Beck's casting came with criticism due to the actress replacing the popular Byrne. With columnist Michael Fairman, Beck spoke about her initial hesitance to rejoin daytime after nearly 15-year break and her approach to playing the character of Lily.

"I hadn't been involved in daytime ? [sic]. I left in 1993 and there was a big long gap since I returned. I was raising my children and not watching a lot of daytime TV. So I forgot how committed and loyal soap fans are, because a lot of the work I did after I left "Loving" was episodics and pilots. People don't have that kind of loyalty to characters like in soaps, because you are not in their homes every day."

—Noelle Beck, Michael Fairman On-Air On Soaps

In the same interview, Beck further added:

"When I did daytime before, they didn't have any blogs. So I didn't know when people didn't like me. Ignorance is bliss. I was like, 'I think this is fun,' and then I was reading a lot of negative stuff. It's hard not to take it personally. Than I thought, 'You know what? I am not going to do this to myself. I'm just going to do the best job I can."

—Noelle Beck

Following the final episode of ATWT, Beck continued to appear in primetime with guest appearances on CBS' Blue Bloods, NBC's Law & Order: Special Victims Unit and USA Network's Law & Order: Criminal Intent, which also starred Jay Mohr in a Charlie Sheen rant-inspired episode.

==Storylines==

Lily showed up in Oakdale as the daughter of Lucinda Walsh. Upon arriving, she quickly hit it off with Dusty Donovan who wound up becoming her first boyfriend. The Lily and Dusty romance also created real-life memories for Lily's portrayer Martha Byrne, who shared her first kiss with Dusty's portrayer Brian Bloom. Lily's most notable pairing was with Holden Snyder, whom she met after he began work at her mother's stables. In 1987, Lily learned Lucinda was not her biological mother as she adopted her and was the biological daughter of Iva Snyder and Joshua Snyder-Stricklyn. Lily and Holden were thought to be related but it was revealed that her biological parents were only adopted into the Snyder family. The romance blossomed and suffered various tribulations and two divorces. The pair is considered to be the central couple ever to be featured on the show and Byrne, along with Holden's portrayer Jon Hensley have become one of daytime's most popular supercouples Lily had a twin sister, Rose D'Angelo who died in 2006, which caused her and Holden to nearly divorce before he began a relationship with Julia Larrabee, who was eventually killed by injected bee venom by her ex-husband Les Sweeney.
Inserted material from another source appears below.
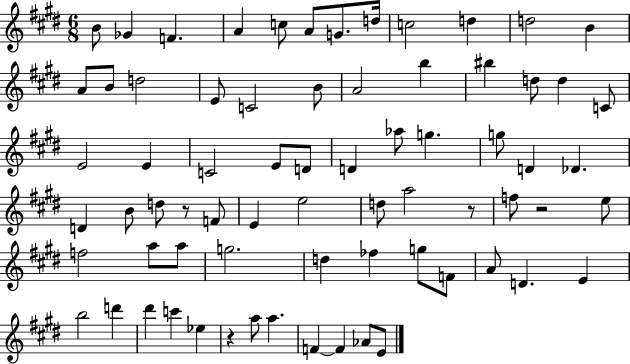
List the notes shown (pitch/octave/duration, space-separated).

B4/e Gb4/q F4/q. A4/q C5/e A4/e G4/e. D5/s C5/h D5/q D5/h B4/q A4/e B4/e D5/h E4/e C4/h B4/e A4/h B5/q BIS5/q D5/e D5/q C4/e E4/h E4/q C4/h E4/e D4/e D4/q Ab5/e G5/q. G5/e D4/q Db4/q. D4/q B4/e D5/e R/e F4/e E4/q E5/h D5/e A5/h R/e F5/e R/h E5/e F5/h A5/e A5/e G5/h. D5/q FES5/q G5/e F4/e A4/e D4/q. E4/q B5/h D6/q D#6/q C6/q Eb5/q R/q A5/e A5/q. F4/q F4/q Ab4/e E4/e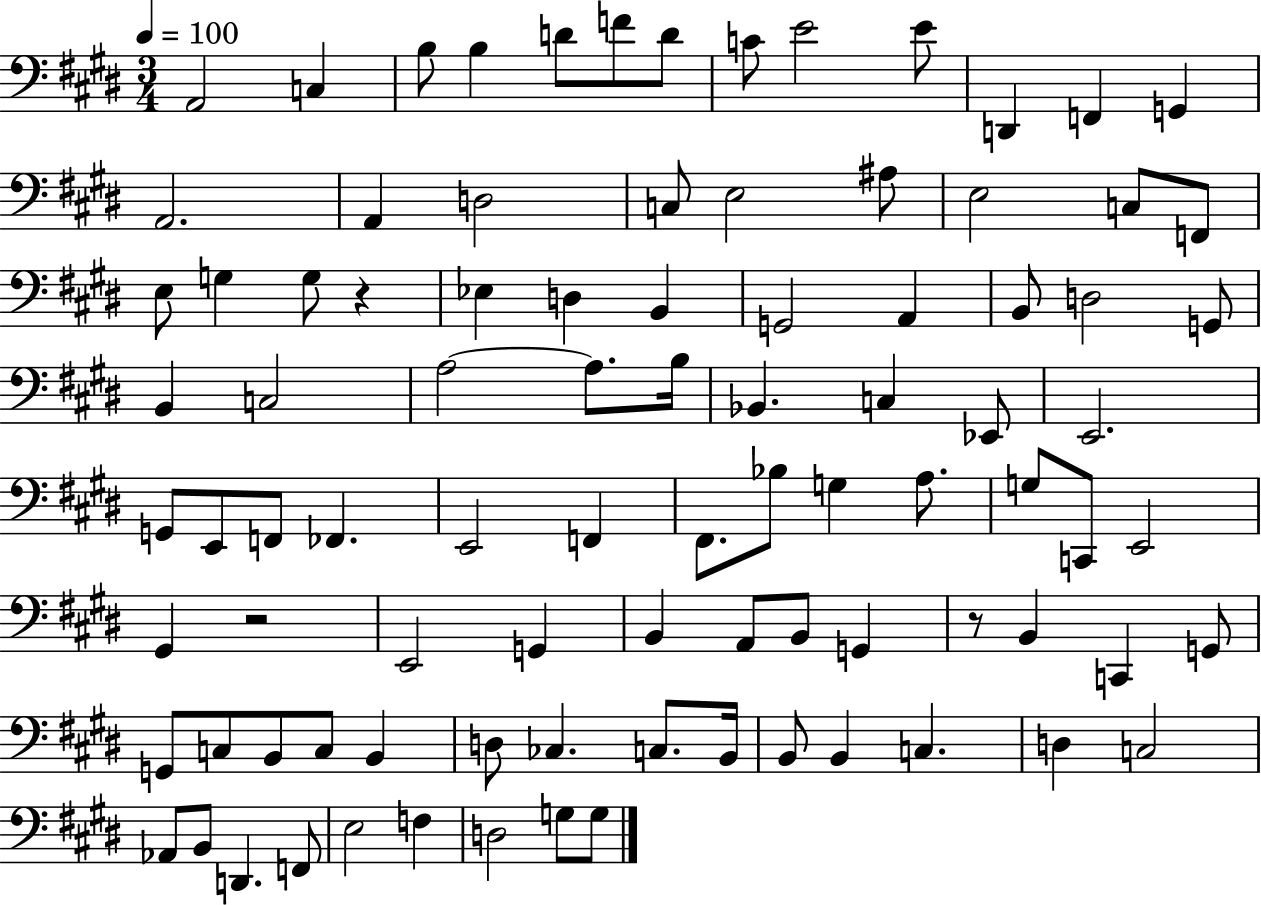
A2/h C3/q B3/e B3/q D4/e F4/e D4/e C4/e E4/h E4/e D2/q F2/q G2/q A2/h. A2/q D3/h C3/e E3/h A#3/e E3/h C3/e F2/e E3/e G3/q G3/e R/q Eb3/q D3/q B2/q G2/h A2/q B2/e D3/h G2/e B2/q C3/h A3/h A3/e. B3/s Bb2/q. C3/q Eb2/e E2/h. G2/e E2/e F2/e FES2/q. E2/h F2/q F#2/e. Bb3/e G3/q A3/e. G3/e C2/e E2/h G#2/q R/h E2/h G2/q B2/q A2/e B2/e G2/q R/e B2/q C2/q G2/e G2/e C3/e B2/e C3/e B2/q D3/e CES3/q. C3/e. B2/s B2/e B2/q C3/q. D3/q C3/h Ab2/e B2/e D2/q. F2/e E3/h F3/q D3/h G3/e G3/e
Many other well-remembered stories include her addiction, recovery and relapse with diet pills and the presumed death of her first love Dusty.
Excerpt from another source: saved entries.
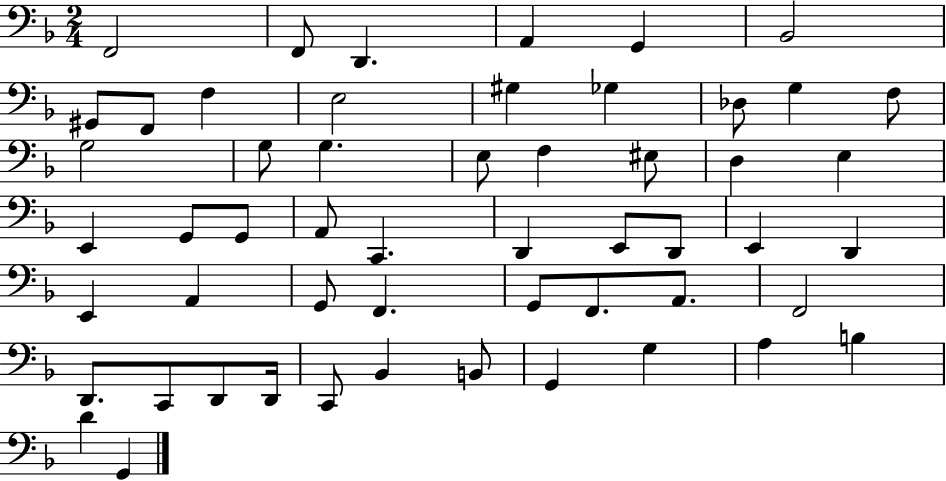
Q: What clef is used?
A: bass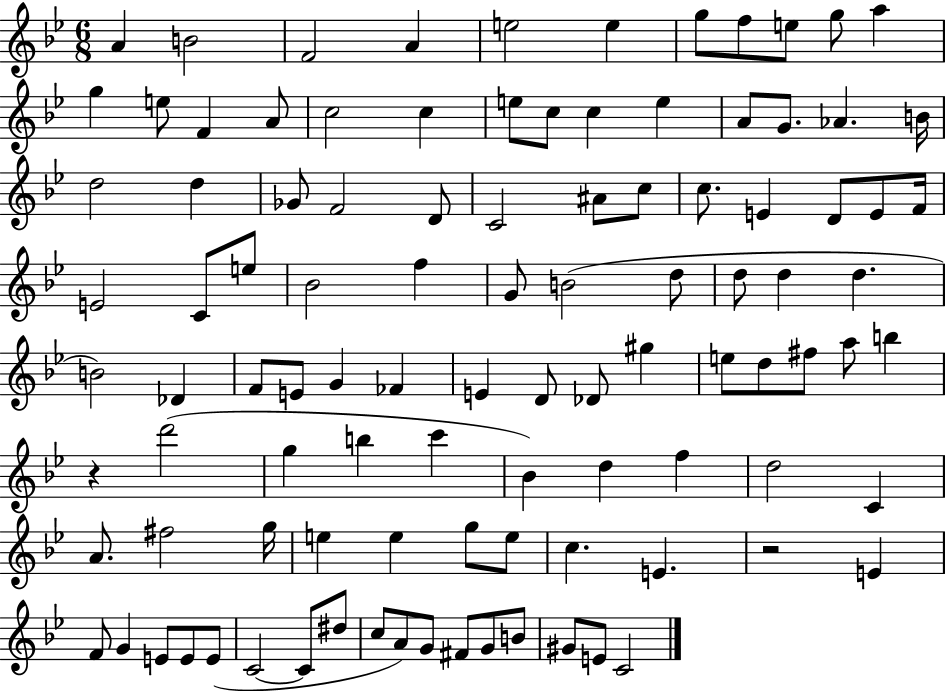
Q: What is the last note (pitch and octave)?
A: C4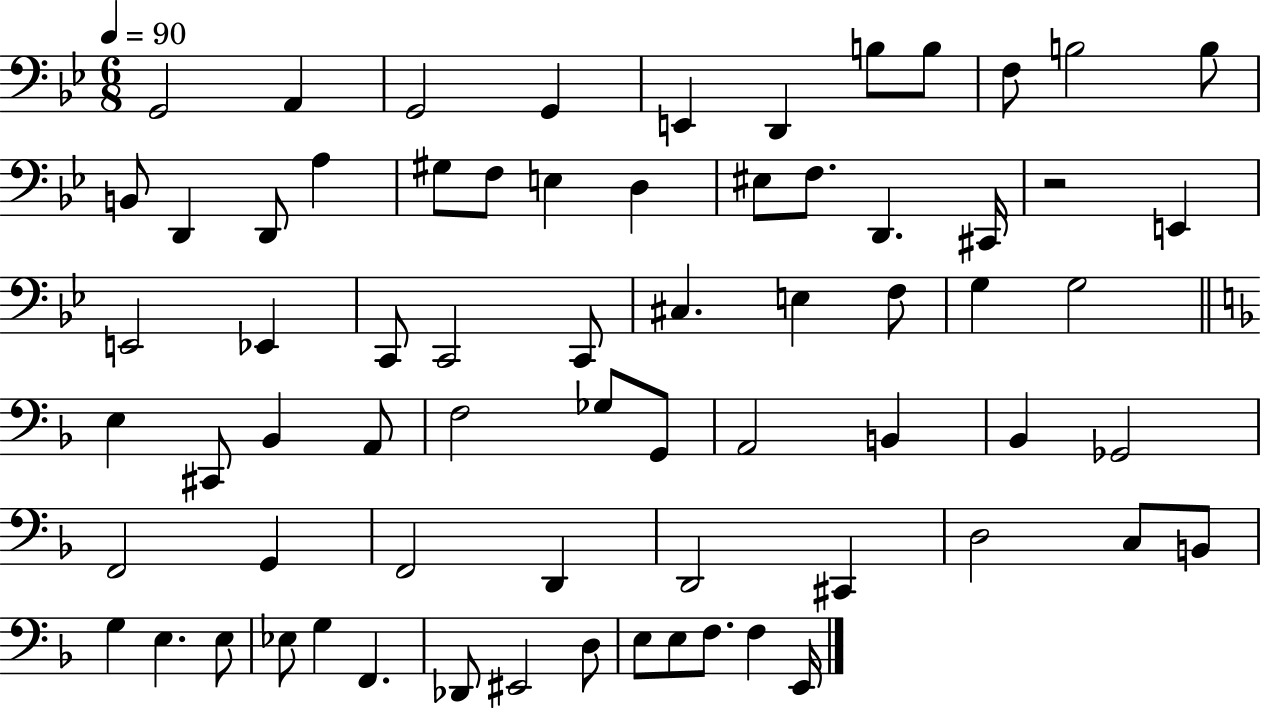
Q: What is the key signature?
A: BES major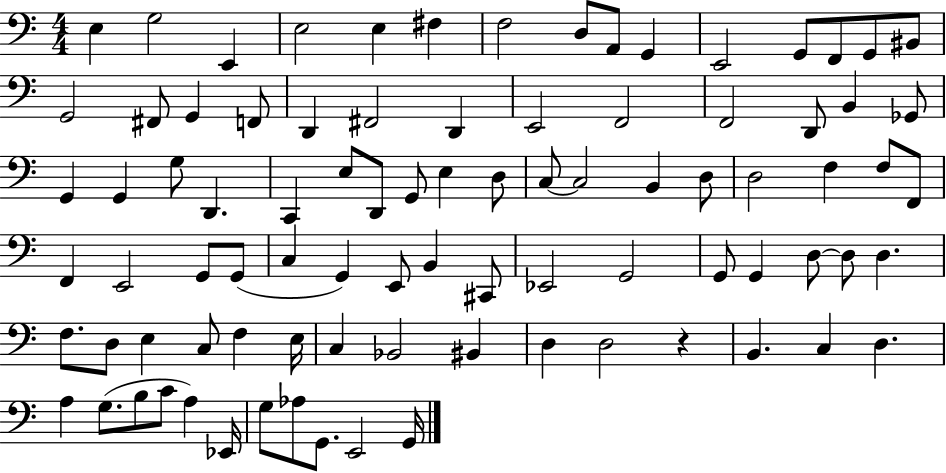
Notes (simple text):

E3/q G3/h E2/q E3/h E3/q F#3/q F3/h D3/e A2/e G2/q E2/h G2/e F2/e G2/e BIS2/e G2/h F#2/e G2/q F2/e D2/q F#2/h D2/q E2/h F2/h F2/h D2/e B2/q Gb2/e G2/q G2/q G3/e D2/q. C2/q E3/e D2/e G2/e E3/q D3/e C3/e C3/h B2/q D3/e D3/h F3/q F3/e F2/e F2/q E2/h G2/e G2/e C3/q G2/q E2/e B2/q C#2/e Eb2/h G2/h G2/e G2/q D3/e D3/e D3/q. F3/e. D3/e E3/q C3/e F3/q E3/s C3/q Bb2/h BIS2/q D3/q D3/h R/q B2/q. C3/q D3/q. A3/q G3/e. B3/e C4/e A3/q Eb2/s G3/e Ab3/e G2/e. E2/h G2/s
In 1993, Lily married Damian Gramaldi and while married to him, she engaged in an affair with her ex-husband Holden. Eventually Lily ended her marriage to Damian to return to Holden. With Damian, Lily is the mother of Luke Snyder, whom Holden adopted. Luke's struggles always lead Lily and Holden to offer their support as their son faced life after coming out as gay, a storyline which forced a recast with Van Hansis taking over for Jake Weary, the son of Guiding Light actress Kim Zimmer. Lily's other children are Faith Snyder, Natalie Snyder and Ethan Snyder with Holden. Lily's and Holden's adoptive relations have been a factor in their relationships since her biological mother Iva is Holden's adoptive sister, making her Holden's adoptive niece and Holden's mother Emma Snyder is also Lily's grandmother through Iva as well as her mother-in-law. When Holden adopted Luke, the arrangement made Luke a second cousin to his mother. In early 2010, Damian went missing and presumed dead, but he in fact faked his death in order to frame Holden. The truth was discovered and Damian was furious and then resurfaced and involved Lily's daughter Faith in his scheme. Once Faith revealed Damian's alive, he kidnapped Lily and tried to convince her to reunite with him, but she told him off as her nemesis Molly Conlan and Holden arrived and rescued her. Lily's marriage to Damian when Holden was presumed dead had become too much for Holden to accept and they spent time away from one another. By the end of the show, it appeared that the couple were moving toward a reconciliation to get back together.